Signe que la situation est grave, le chef de l'Etat est brièvement sorti mercredi de la réserve qu'il s'imposait en Conseil des ministres sur la politique nationale depuis la nomination de Michel Barnier à Matignon. "Il a rappelé l'importance de rester +groupés+", rapporte une participante.
Déjà depuis sa tournée en Amérique latine, la semaine dernière, il avait prôné "la stabilité" face au risque grandissant de censure du gouvernement, qui pourrait tomber avant Noël si la gauche et le Rassemblement national additionnent leurs voix pour contester son budget.
D'après plusieurs de ses interlocuteurs, le président en est d'ailleurs convaincu: le parti d'extrême droite peut mettre sa menace à exécution.
"Il pense que Barnier va chuter", assure un proche. "Il dit que s'il était à la place de Marine Le Pen, il ne validerait pas un budget impopulaire", abonde un autre visiteur régulier du palais.
Mais alors que les marchés financiers commencent à s'alarmer, le sujet est ultrasensible. Fait rarissime, l'Elysée a démenti sur son compte X, mardi, des informations du Parisien selon lesquelles Emmanuel Macron aurait prédit que le gouvernement allait "tomber (...) plus tôt qu'on ne le pense" -- un compte-rendu aussitôt maintenu par le quotidien.

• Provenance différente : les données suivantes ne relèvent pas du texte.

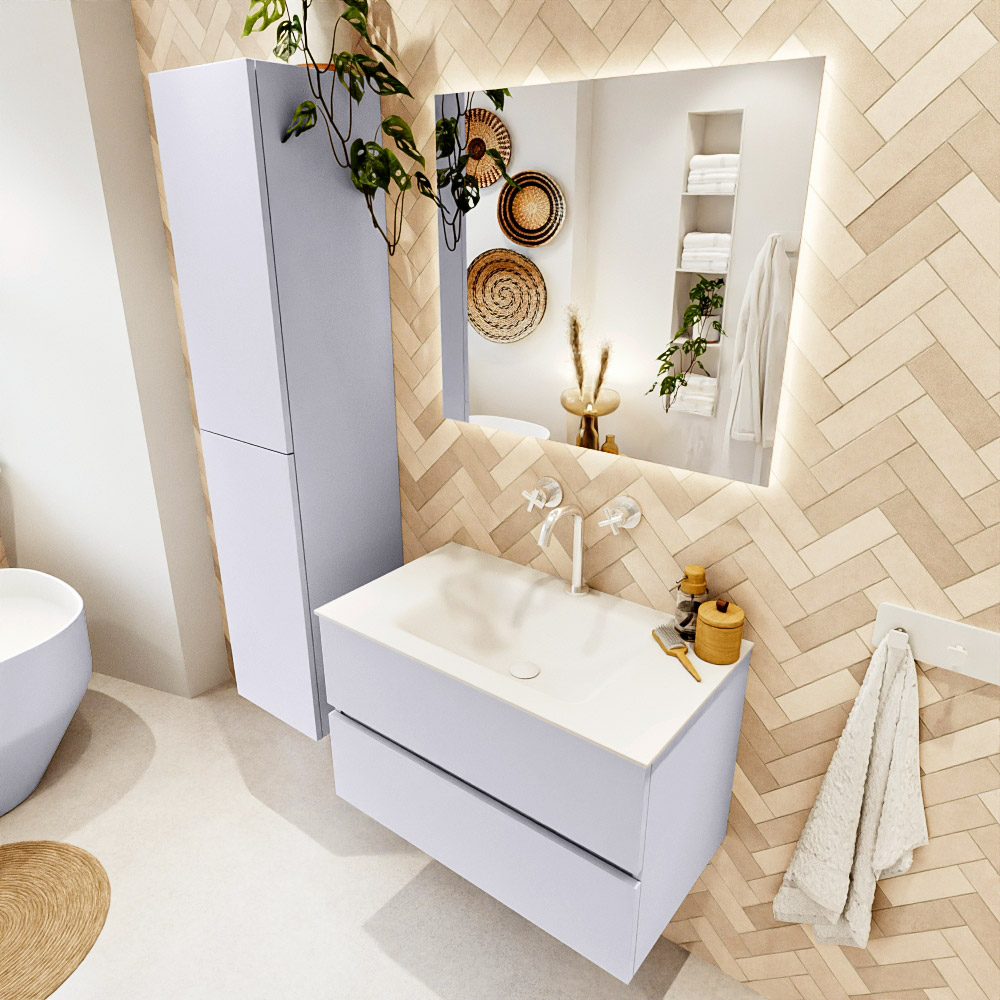 MONDIAZ VICA 80cm mueble de baño Cale 2 cajones. Lavabo CLOUD Centro 1 orificio, color Talc. 1 MONDIAZ VICA 80cm mueble de baño Cale 2 cajones. Lavabo CLOUD Centro 1 orificio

"Le président de la République n'est pas un commentateur de l'actualité", ont martelé ses services.
Le problème, c'est qu'il n'en est plus un acteur non plus, sur la scène intérieure, depuis qu'il a dissous l'Assemblée nationale et perdu les législatives.
Appels à la démission
Dans son camp, certains font état d'un "petit coup de déprime" présidentielle, d'autres d'un "spleen" post-électoral qui s'est dissipé avec les Jeux olympiques, quand la plupart décrivent un chef de l'Etat "combatif", toujours prêt à "rebondir" dès qu'il aura "retrouvé un peu de jeu de jambes".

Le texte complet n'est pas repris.